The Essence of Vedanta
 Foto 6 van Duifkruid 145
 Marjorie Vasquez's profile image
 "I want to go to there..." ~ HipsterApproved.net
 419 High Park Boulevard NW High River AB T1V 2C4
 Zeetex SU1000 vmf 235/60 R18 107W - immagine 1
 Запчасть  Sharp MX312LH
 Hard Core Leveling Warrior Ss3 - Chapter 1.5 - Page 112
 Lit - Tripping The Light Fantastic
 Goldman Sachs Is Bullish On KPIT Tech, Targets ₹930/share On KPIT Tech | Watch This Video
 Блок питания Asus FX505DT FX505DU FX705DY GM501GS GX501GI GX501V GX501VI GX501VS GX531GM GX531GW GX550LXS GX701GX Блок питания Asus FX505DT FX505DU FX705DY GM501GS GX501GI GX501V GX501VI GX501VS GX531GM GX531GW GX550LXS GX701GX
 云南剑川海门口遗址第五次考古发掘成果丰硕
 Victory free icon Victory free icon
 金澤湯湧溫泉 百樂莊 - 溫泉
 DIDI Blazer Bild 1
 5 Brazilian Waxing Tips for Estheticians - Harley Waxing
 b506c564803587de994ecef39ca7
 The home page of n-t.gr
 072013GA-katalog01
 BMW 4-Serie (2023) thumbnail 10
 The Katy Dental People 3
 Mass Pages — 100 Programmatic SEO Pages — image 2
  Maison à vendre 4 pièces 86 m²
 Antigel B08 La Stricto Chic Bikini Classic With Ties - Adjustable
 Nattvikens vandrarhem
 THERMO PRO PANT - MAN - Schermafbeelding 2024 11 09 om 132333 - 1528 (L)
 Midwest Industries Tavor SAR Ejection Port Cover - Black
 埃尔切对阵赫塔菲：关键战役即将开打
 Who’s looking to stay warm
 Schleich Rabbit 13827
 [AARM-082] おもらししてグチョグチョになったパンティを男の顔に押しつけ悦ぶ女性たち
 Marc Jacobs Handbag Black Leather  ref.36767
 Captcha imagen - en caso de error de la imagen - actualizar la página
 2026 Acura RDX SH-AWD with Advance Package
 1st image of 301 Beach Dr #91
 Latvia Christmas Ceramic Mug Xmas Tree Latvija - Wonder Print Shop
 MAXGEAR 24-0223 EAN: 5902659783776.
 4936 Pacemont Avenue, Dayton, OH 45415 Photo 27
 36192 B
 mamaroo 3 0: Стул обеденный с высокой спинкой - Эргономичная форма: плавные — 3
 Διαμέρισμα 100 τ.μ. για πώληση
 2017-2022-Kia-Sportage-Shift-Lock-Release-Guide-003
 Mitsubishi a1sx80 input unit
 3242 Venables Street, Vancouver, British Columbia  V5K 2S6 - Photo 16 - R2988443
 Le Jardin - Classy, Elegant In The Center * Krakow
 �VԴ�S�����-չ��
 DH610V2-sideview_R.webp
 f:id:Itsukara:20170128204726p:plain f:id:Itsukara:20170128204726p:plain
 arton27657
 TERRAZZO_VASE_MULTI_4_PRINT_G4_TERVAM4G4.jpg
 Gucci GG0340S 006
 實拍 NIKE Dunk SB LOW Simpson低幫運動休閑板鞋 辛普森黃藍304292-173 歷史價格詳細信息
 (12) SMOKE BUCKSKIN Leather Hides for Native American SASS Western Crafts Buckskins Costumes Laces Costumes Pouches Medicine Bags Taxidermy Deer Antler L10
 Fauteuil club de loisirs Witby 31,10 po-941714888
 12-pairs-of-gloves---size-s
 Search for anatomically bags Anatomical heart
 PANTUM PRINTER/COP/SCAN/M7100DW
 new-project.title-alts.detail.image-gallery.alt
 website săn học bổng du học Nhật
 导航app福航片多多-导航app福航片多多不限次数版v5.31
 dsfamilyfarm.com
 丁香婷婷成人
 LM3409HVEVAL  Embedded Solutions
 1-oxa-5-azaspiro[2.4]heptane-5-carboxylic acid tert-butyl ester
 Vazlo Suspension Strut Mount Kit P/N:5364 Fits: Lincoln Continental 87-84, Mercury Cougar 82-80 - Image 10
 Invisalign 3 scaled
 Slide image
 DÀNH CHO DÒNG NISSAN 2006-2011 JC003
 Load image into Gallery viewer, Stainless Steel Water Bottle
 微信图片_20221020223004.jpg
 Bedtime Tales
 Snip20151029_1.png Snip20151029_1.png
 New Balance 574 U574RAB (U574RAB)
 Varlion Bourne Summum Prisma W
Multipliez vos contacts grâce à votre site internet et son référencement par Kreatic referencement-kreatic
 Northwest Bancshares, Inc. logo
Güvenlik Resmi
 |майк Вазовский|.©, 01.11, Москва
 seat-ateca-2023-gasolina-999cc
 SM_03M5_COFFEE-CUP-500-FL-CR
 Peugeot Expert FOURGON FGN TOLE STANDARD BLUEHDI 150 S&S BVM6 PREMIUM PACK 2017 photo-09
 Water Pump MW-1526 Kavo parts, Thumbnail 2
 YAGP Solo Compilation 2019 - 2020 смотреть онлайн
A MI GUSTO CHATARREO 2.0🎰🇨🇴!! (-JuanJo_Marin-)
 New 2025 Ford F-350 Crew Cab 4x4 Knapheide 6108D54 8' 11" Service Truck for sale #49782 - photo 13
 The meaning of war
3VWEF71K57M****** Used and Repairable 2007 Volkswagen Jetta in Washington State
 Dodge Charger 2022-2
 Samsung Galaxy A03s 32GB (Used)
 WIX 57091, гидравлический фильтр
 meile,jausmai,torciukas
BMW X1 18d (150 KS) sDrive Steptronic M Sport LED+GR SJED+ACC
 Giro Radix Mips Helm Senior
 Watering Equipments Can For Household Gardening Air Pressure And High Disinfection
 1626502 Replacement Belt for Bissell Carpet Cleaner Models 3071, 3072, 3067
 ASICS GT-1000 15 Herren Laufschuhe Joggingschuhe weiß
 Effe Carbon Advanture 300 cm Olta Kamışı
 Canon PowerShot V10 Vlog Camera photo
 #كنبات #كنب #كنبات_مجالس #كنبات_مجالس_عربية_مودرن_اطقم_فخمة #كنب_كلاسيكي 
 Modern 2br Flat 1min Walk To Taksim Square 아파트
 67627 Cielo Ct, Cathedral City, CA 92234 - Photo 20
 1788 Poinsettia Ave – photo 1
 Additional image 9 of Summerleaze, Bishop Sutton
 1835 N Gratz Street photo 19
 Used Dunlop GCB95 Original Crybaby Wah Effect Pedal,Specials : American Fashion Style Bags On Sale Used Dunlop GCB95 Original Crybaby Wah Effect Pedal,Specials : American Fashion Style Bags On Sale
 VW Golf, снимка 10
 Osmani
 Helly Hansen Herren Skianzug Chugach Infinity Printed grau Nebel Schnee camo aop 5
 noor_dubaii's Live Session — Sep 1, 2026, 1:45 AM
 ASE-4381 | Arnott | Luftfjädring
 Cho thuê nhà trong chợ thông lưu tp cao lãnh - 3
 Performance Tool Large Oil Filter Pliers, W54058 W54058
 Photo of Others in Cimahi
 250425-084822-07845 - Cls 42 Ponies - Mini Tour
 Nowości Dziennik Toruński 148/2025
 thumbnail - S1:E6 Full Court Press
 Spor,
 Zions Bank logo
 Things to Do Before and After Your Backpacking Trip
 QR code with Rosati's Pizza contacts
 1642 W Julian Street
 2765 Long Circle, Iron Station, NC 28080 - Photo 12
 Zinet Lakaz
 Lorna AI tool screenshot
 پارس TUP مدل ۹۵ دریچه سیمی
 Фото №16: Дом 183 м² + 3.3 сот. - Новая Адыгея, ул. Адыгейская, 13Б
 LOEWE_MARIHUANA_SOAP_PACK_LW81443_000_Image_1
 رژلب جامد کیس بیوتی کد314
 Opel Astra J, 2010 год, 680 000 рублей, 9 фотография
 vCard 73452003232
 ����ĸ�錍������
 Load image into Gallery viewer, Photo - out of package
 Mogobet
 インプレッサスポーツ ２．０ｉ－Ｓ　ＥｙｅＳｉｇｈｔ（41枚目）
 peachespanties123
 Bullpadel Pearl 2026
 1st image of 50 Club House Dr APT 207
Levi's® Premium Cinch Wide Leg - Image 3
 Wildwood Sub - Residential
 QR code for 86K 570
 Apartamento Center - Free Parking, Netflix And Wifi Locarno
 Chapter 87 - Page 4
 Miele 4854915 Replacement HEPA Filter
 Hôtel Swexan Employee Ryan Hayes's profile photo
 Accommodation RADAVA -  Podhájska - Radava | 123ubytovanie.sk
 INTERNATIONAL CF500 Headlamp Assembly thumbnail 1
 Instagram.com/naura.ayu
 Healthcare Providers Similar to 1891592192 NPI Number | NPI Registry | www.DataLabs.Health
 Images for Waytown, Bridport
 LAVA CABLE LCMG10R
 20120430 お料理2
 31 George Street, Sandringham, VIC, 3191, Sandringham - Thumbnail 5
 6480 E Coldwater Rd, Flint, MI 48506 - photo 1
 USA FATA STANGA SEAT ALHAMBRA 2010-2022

# # # # # # #

◆ Work order ◆
The lines above, starting at the one with "Canon PowerShot V10 Vlog Camera photo" and ending at the one with "1835 N Gratz Street photo 19", are the only ones to return, exactly as written.

◆ Exercise answer ◆
 Canon PowerShot V10 Vlog Camera photo
 #كنبات #كنب #كنبات_مجالس #كنبات_مجالس_عربية_مودرن_اطقم_فخمة #كنب_كلاسيكي 
 Modern 2br Flat 1min Walk To Taksim Square 아파트
 67627 Cielo Ct, Cathedral City, CA 92234 - Photo 20
 1788 Poinsettia Ave – photo 1
 Additional image 9 of Summerleaze, Bishop Sutton
 1835 N Gratz Street photo 19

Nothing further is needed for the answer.